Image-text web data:
○ ○ ○ ○

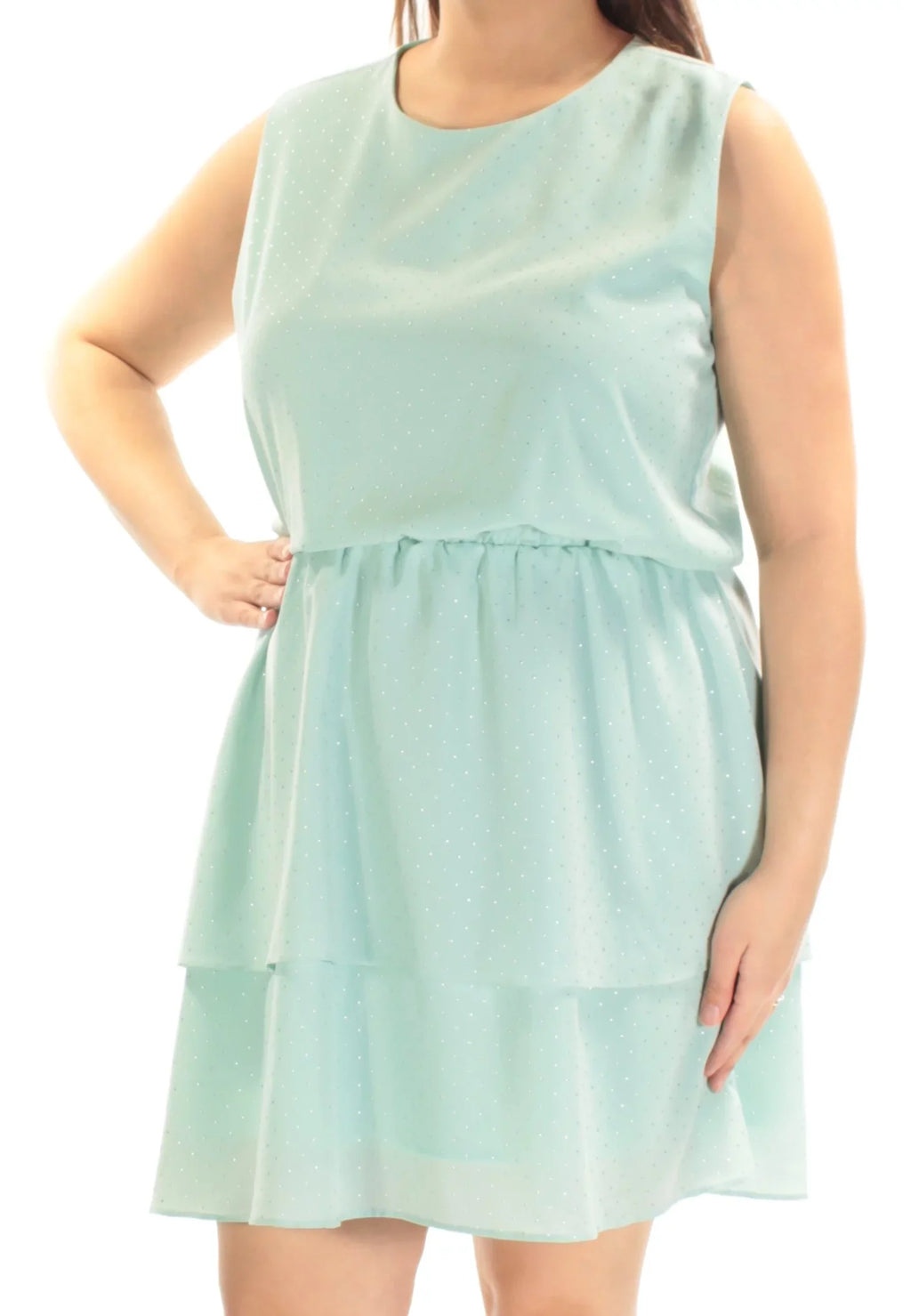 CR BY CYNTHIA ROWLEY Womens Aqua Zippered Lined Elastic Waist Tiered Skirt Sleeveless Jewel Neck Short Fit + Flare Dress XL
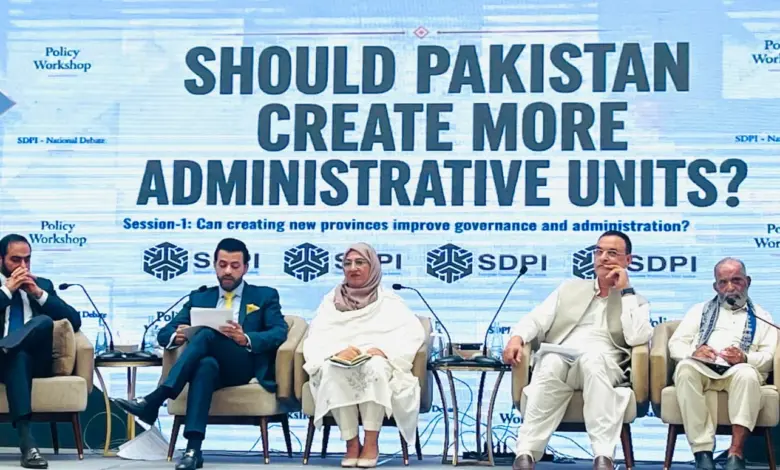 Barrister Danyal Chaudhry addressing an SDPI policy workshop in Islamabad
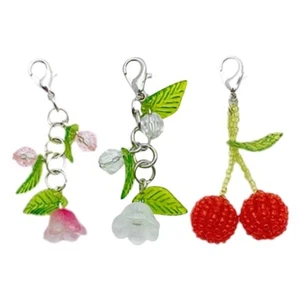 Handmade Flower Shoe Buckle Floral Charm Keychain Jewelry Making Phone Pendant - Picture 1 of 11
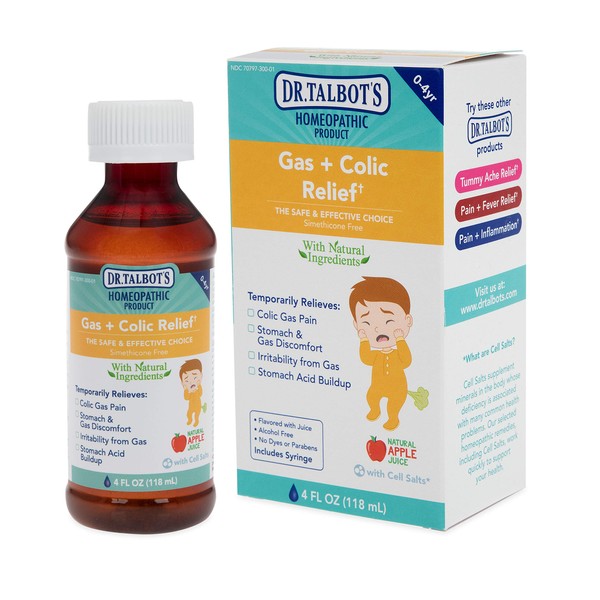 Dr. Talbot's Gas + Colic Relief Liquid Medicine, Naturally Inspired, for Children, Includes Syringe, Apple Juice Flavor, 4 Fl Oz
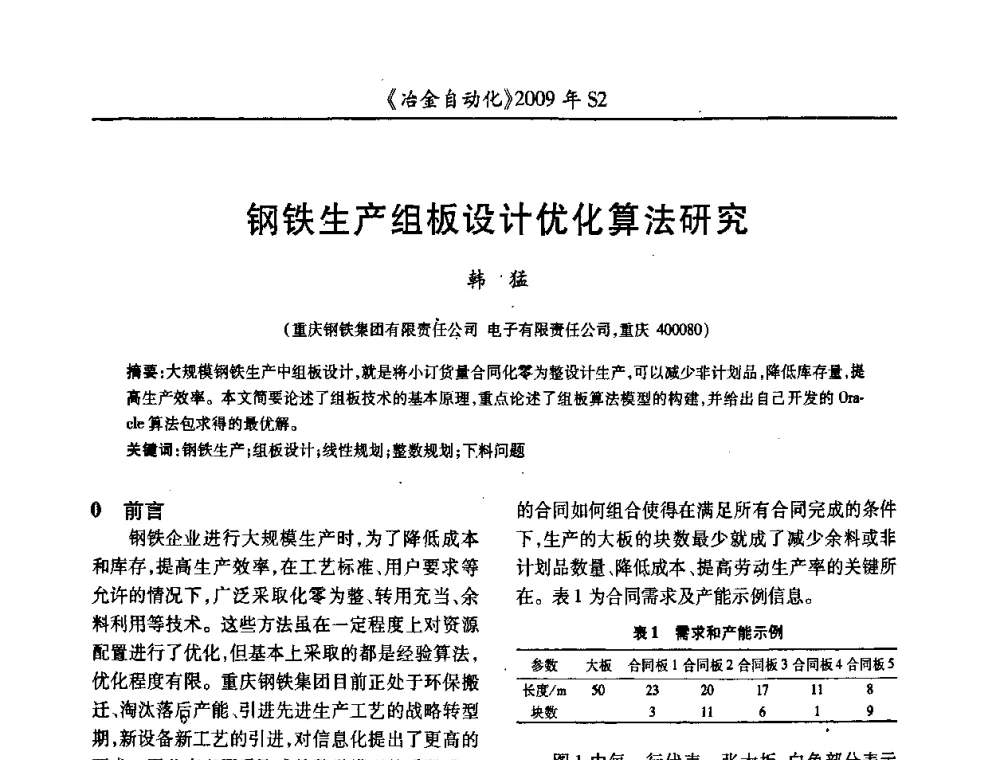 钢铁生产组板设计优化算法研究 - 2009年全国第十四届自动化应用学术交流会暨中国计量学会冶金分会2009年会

○ ○ ○ ○

Work required:
Write out the records above exactly as they stand, leaving out every picture.

Response:
 CR BY CYNTHIA ROWLEY Womens Aqua Zippered Lined Elastic Waist Tiered Skirt Sleeveless Jewel Neck Short Fit + Flare Dress XL
 Barrister Danyal Chaudhry addressing an SDPI policy workshop in Islamabad
 Handmade Flower Shoe Buckle Floral Charm Keychain Jewelry Making Phone Pendant - Picture 1 of 11
 Dr. Talbot's Gas + Colic Relief Liquid Medicine, Naturally Inspired, for Children, Includes Syringe, Apple Juice Flavor, 4 Fl Oz
 钢铁生产组板设计优化算法研究 - 2009年全国第十四届自动化应用学术交流会暨中国计量学会冶金分会2009年会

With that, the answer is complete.